** Opening PROVIDED MATERIAL block **

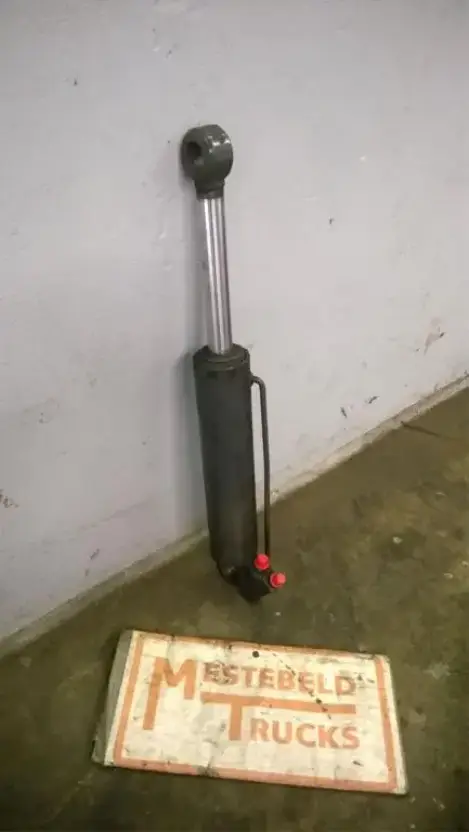 Mercedes-Benz Cabine kantelcilinder Atego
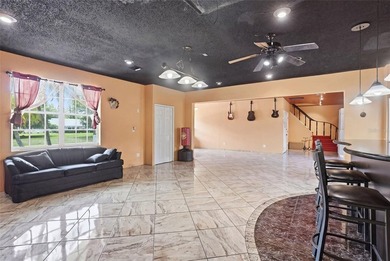 CUSTOM MULTI-GENERATIONAL POOL ESTATE ON OVER 1 ACRE

Rarely - photo 41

** Closing PROVIDED MATERIAL block **

## ACTION ITEM
Print the whole listing above exactly, and keep every picture out of the copy.

## COMPLETED TASK
 Mercedes-Benz Cabine kantelcilinder Atego
 CUSTOM MULTI-GENERATIONAL POOL ESTATE ON OVER 1 ACRE

Rarely - photo 41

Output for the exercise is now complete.